Java Refuses to Get Act Together, New Malware Spotted on Patch Day
Oracle just can’t catch a break these days, can they? As of March 4, a fully-updated Java running the latest patch has been exposed to a signature vulnerability, one which could potentially set the already strained Java security team back another week at the least.
Using credentials stolen from ClearResult Consulting, the applet has been able to build a backdoor on the test machine that researcher Eric Romang has been tracking since McRat took over the malicious code headlines. The applet itself is running on expired tires and the key has been revoked, but unless users specifically go through their revocation lists and know what they’re looking for, the program can be propped up within a matter of minutes after being accidentally downloaded.

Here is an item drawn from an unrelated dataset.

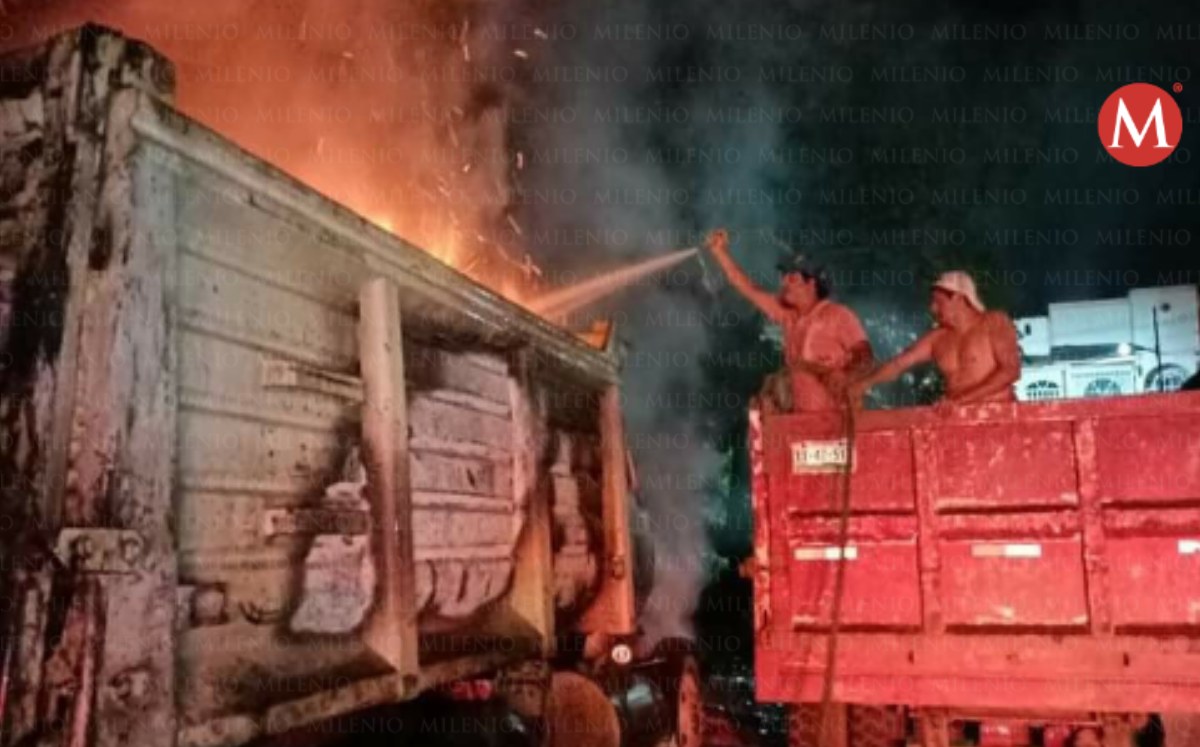 Se incendia camión lleno de carbón en Naranjos, Veracruz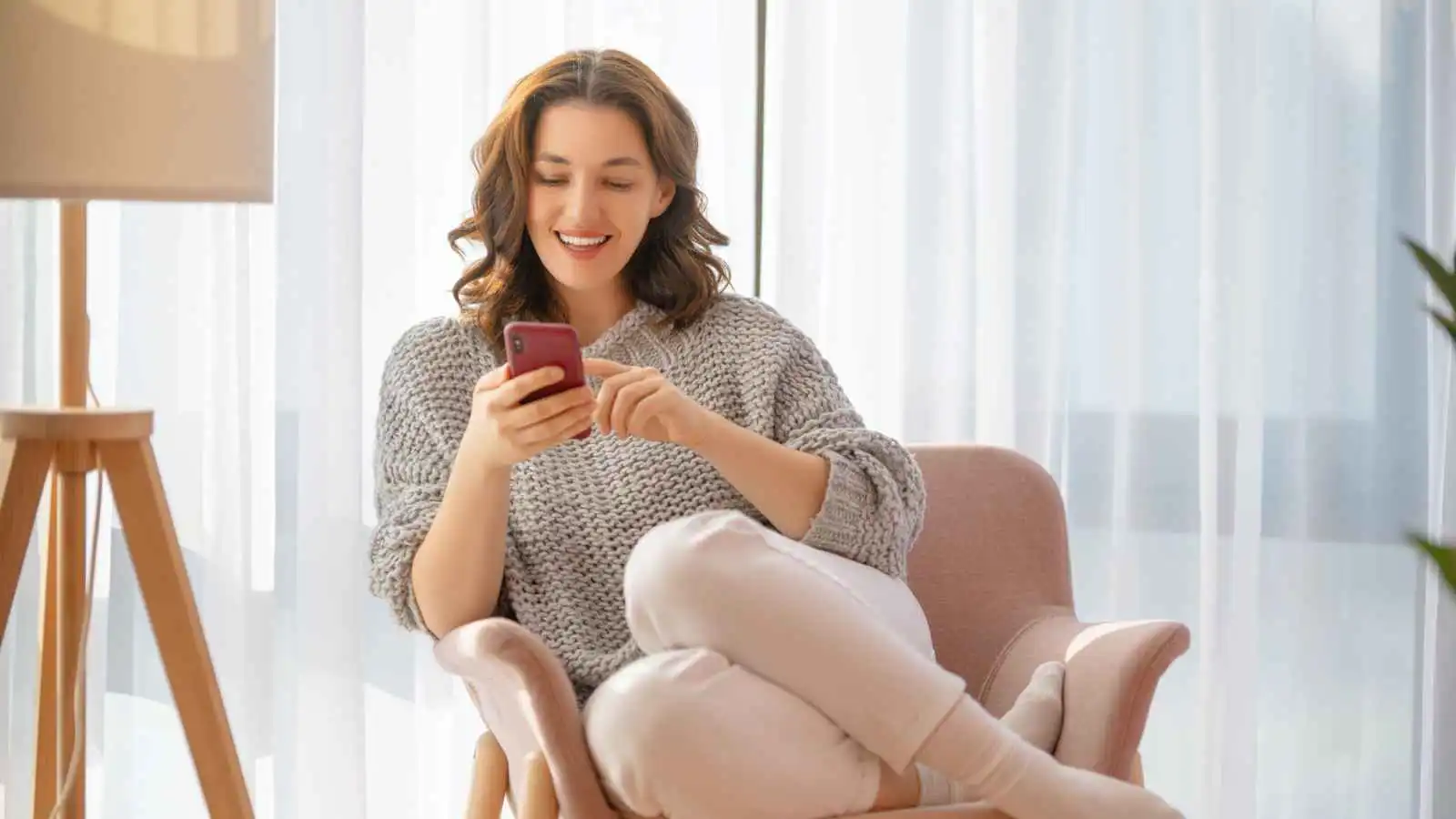 هل تتخذ قرارات مالية بعقلك أم بمشاعرك؟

In a statement released by Eric Maurice of Oracle, users have been encouraged to update as soon as possible, and to raise their Java security settings to “High” as the default method for dealing with all incoming and outgoing requests. He also made sure to assure those outside of Europe that they shouldn’t be too worried, as so far the crack has only been hosted from a German dictionary site that was infected with the “g01pack” exploit kit.
“In order to protect themselves, desktop users should only allow the execution of applets when they expect such applets and trust their origin,” Oracle advises.
There is some speculation that the app still needs to ask permission to get through to your PC. However if we’re to believe the original Twitter post which first alerted everyone to the flaw, that build of the exploit was running on a version of Java that has already been hotpatched as of late last night. Personally I recommend you uninstall Java completely until this all blows over, and make sure you remove it as a plugin in your browsers and disable it from automatically running in your settings.